I Find Australia by William Hatfield
The title of this book is what first drew me to it. I love finding old books written in the last couple of centuries by Australian men who journeyed the country and wrote about it – or created enticing characters that did. Books like Under the Coolibah Tree, Paving the Way and A Fortunate Life. Such books educate in the best possible way. They’re like the old forgotten church down the street with possums nesting in its roof and scratches in its pews. Yet they move – they dawdle along until they surprise you by rushing ahead in a burst of energy. Sometimes they get you lost and sometimes they leave you behind, but they’ll always come back for you. And when they do, it’s with an equal amount of zeal and just the right amount of pity so that you feel sorry for them and keep reading.

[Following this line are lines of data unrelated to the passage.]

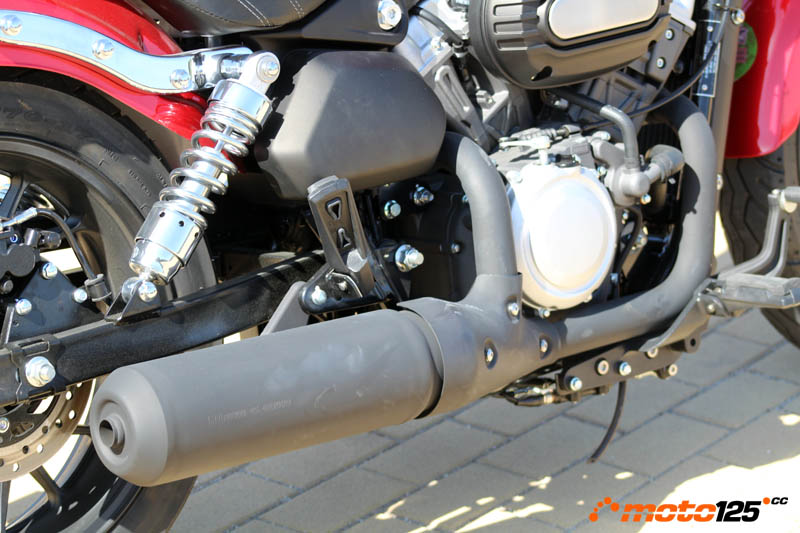 Mitt 125 MB Twin Custom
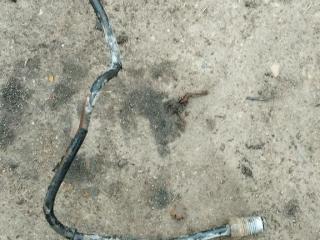 трубка тормозная Peugeot Partner 1 поколение (M59) [рестайлинг] 2004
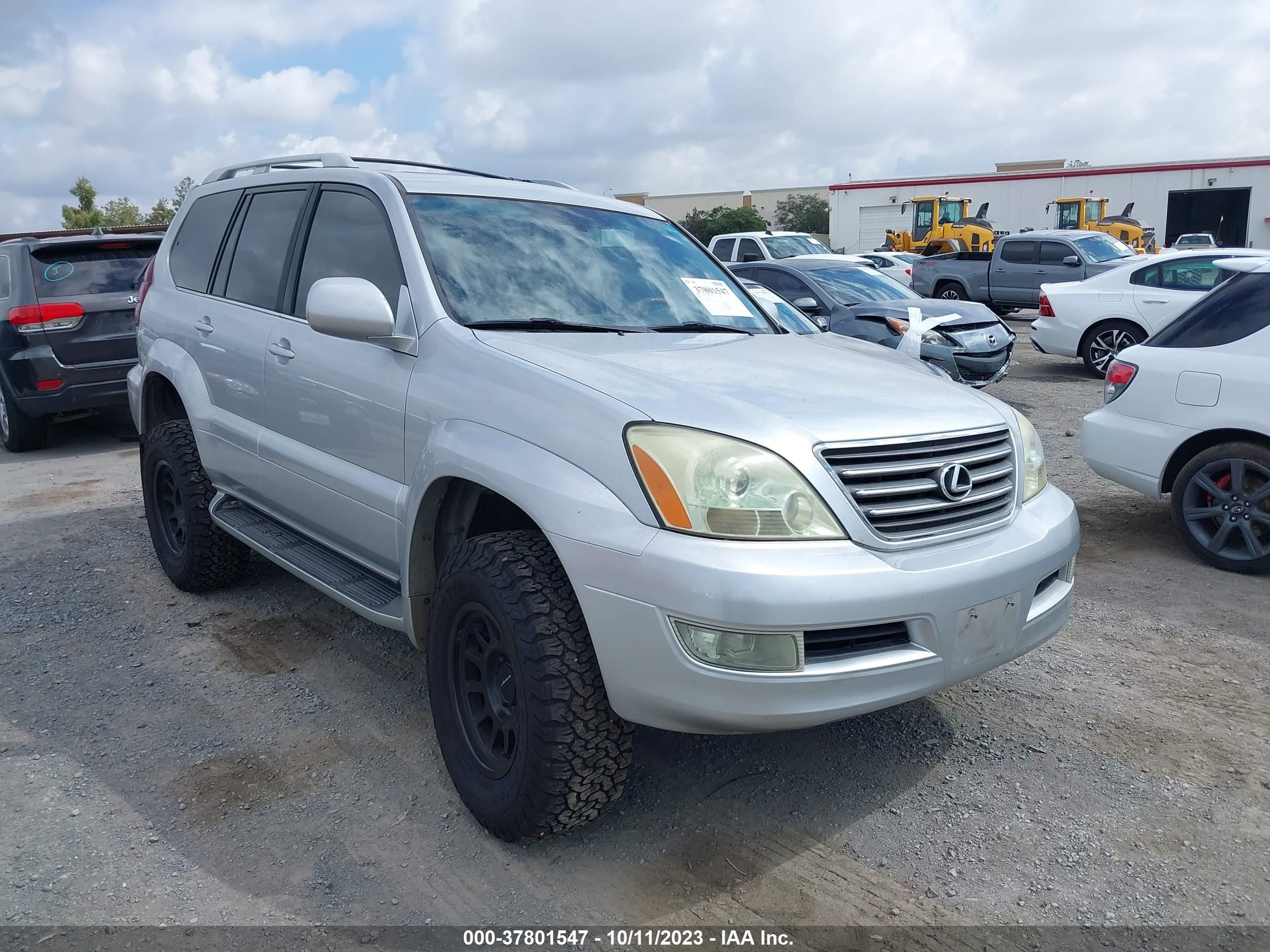 LEXUS GX 2006 jtjbt20x360125699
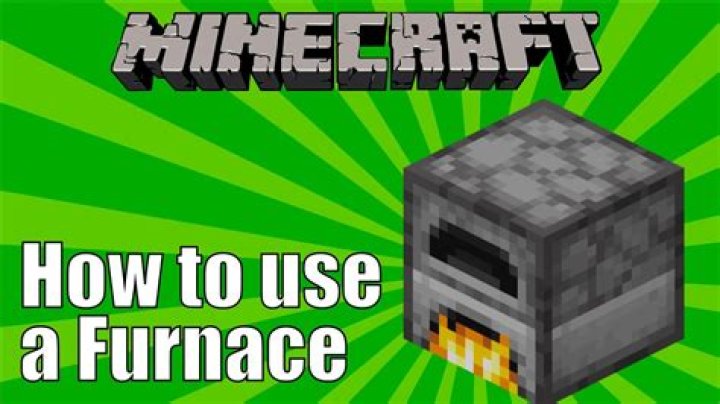 Minecraft how to use furnace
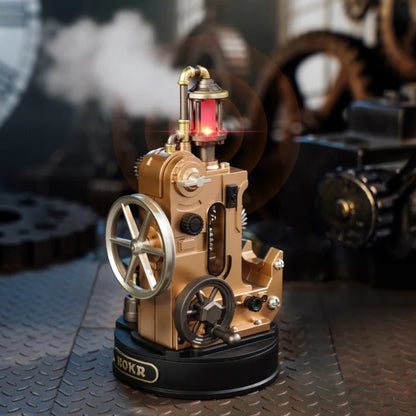 ROKR Morse Telegraph CGM02 indicator light display in industrial scene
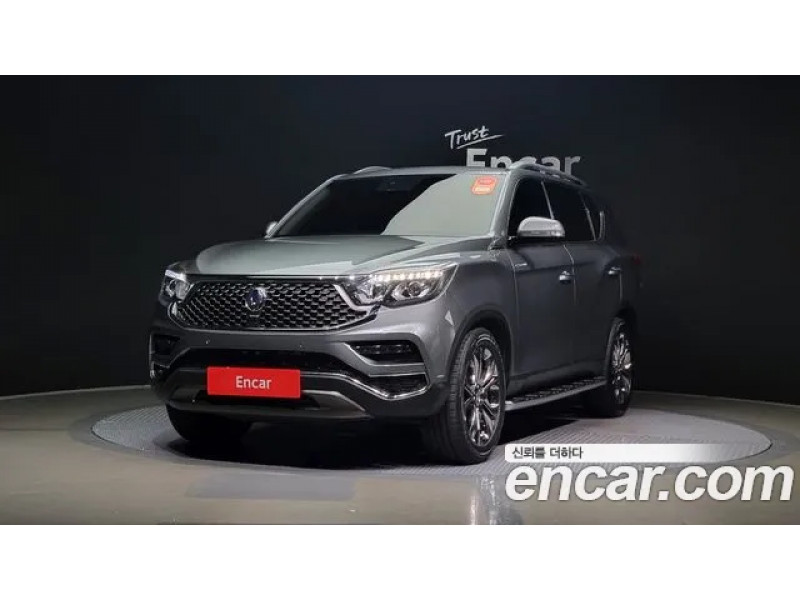 KG Mobility (Ssangyong) Rexton 2020 г.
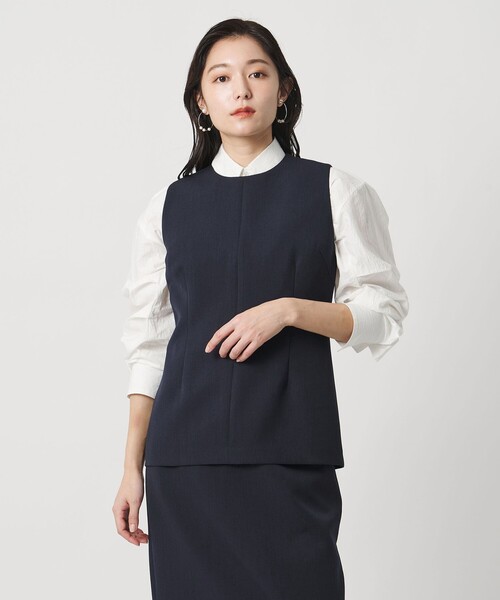 新品　MARW UNITED ARROWS トップス　 ノースリーブ　ブラウス MARW UNITED ARROWS（マルゥ ユナイテッドアローズ） ブラウス シャツ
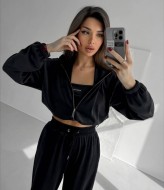 Велюровый костюм двойка VM-10530A530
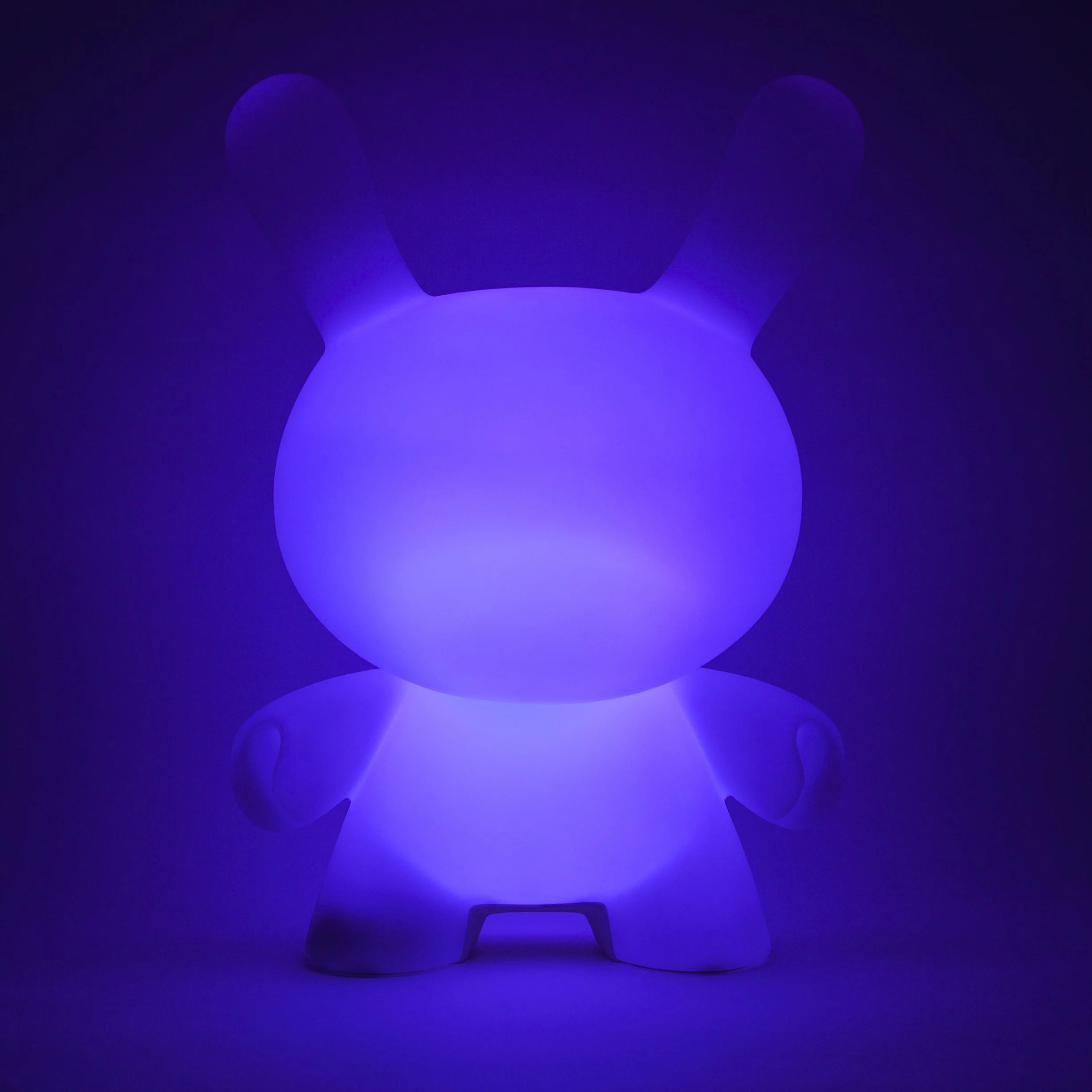 Designer Color Changing 18" Dunny Lamp by Kidrobot - Image 22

Published in 1937, I Find Australia is an autobiography, a memoir, written in first-person and telling the story of author William Hatfield’s experience rambling across Australia and writing about it. Hatfield’s voice is witty and deep, but private and somewhat removed from the reader. This I don’t mind – it’s dignified, something I admire in a person. To read I Find Australia is to read the account of a life that was adventurous and mundane all at the same time. It’s the hard yakka of outback dryness and the solid personality of your mates; it’s the mishaps and the deadliness and the calm that goes with them; it’s the dingoes padding around your swag at night; it’s droving the cattle across the moon; it’s going places in life.
The book begins in 1912. William Hatfield arrives ‘the greenest greenhorn’ from England in Port Adelaide in the middle of summer. He walks down to Glenelg and spends his first night sleeping beneath an upturned boat on the sand. From there, it’s station-hand to stockman to drover to kangaroo-shooter and back again; from painter to dingo-trapper to miner to writer. Hatfield does so much. That’s what I like about his book. It’s a jack-of-all-trades tour across early 20th century Australia. Up until the last page, Hatfield’s jumping from job to job, and place to place until he winds up a Sydney-sider and singing the city’s praises.

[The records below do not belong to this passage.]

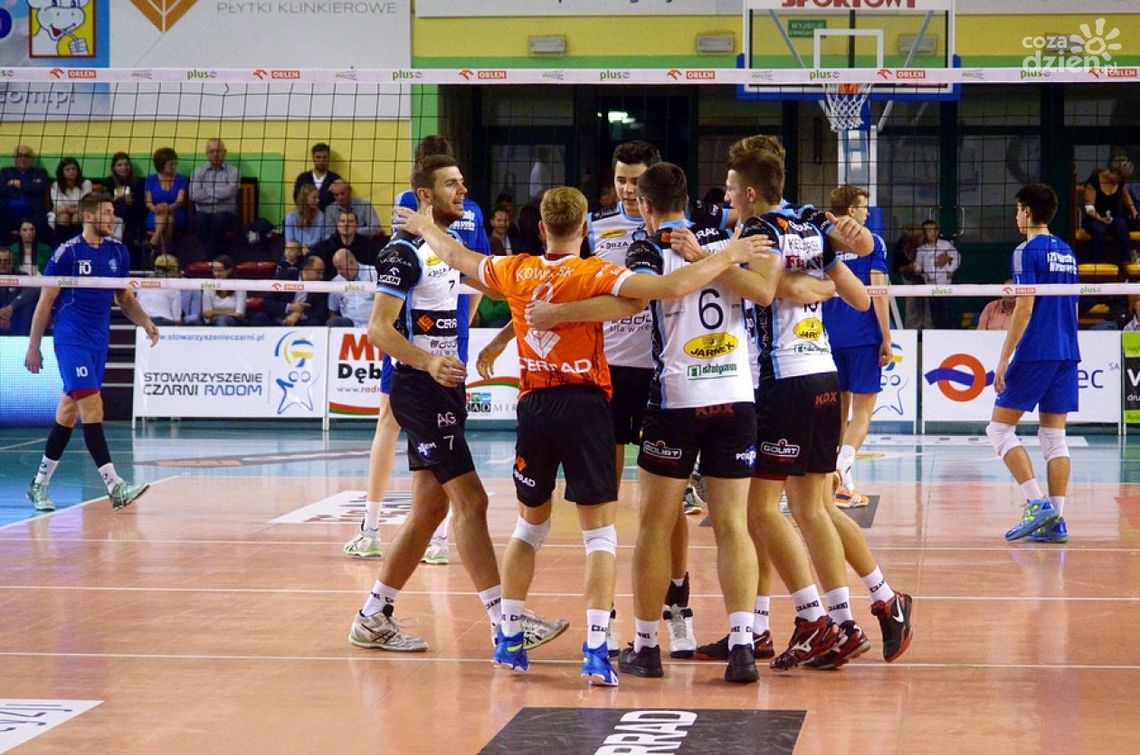 Czarni wygrali z Posojilnicą. Kampa MVP Czarni wygrali z Posojilnicą. Kampa MVP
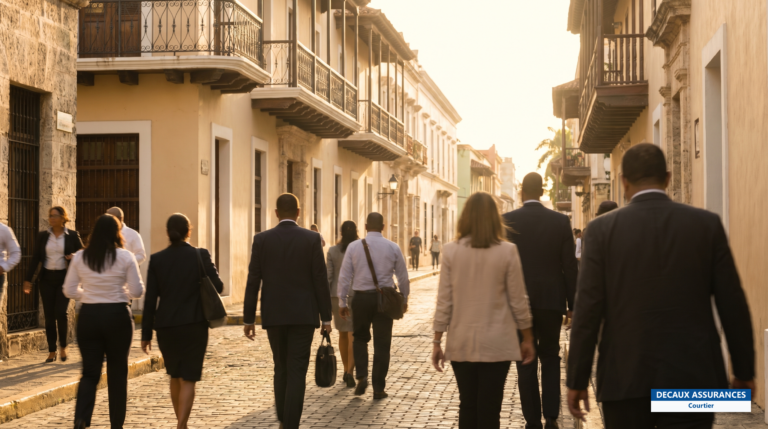 Zone coloniale de Saint-Domingue, République dominicaine — vivre dans la capitale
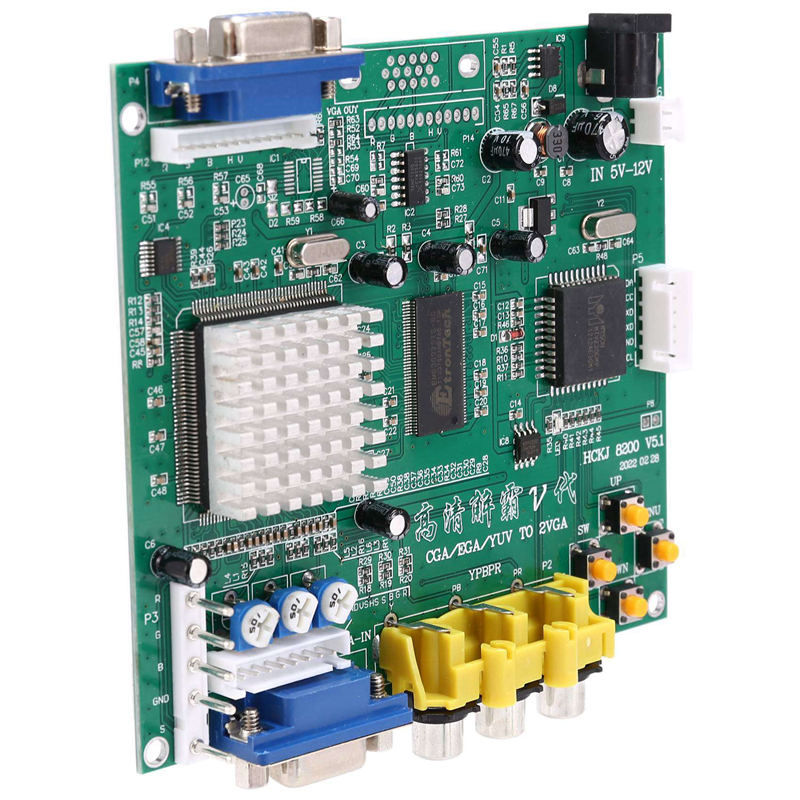 A45U 3X GBS8200 CGA/EGA/YUV/RG - Usb Game Board Jamma ulasan dan harga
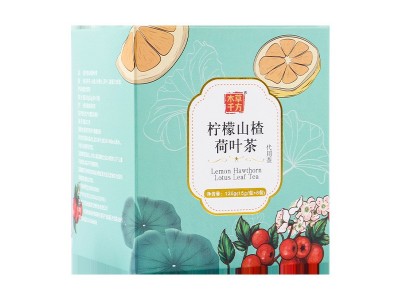 养生茶 柠檬山楂荷叶茶包装菊花水果养生工厂冬瓜三角包 养生茶图5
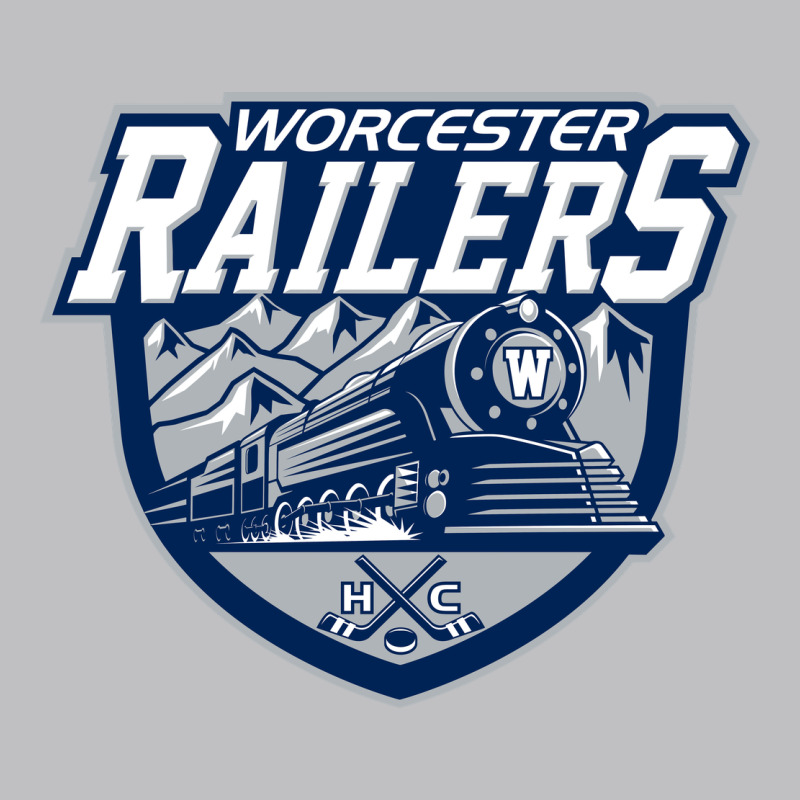 Worcester Railers Long Sleeve Tee by linhVisuals | Teevron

There are times when Hatfield dips into technicalities a bit – massive tangents that the reader tries to follow but ends up getting lost. Sometimes getting lost is nice but getting lost too much on the one trip is exhausting. Reading I Find Australia I was lost too much. In one instance Hatfield started talking about rifles and bullets and calibre and the like and my concentration wandered so far, I was very much at his mercy. I didn’t want to hear about all that, yet I read it because I thought I might learn something. I didn’t. However, I attribute that to laziness and ignorance on my part. William Hatfield’s innovation has nothing to do with it!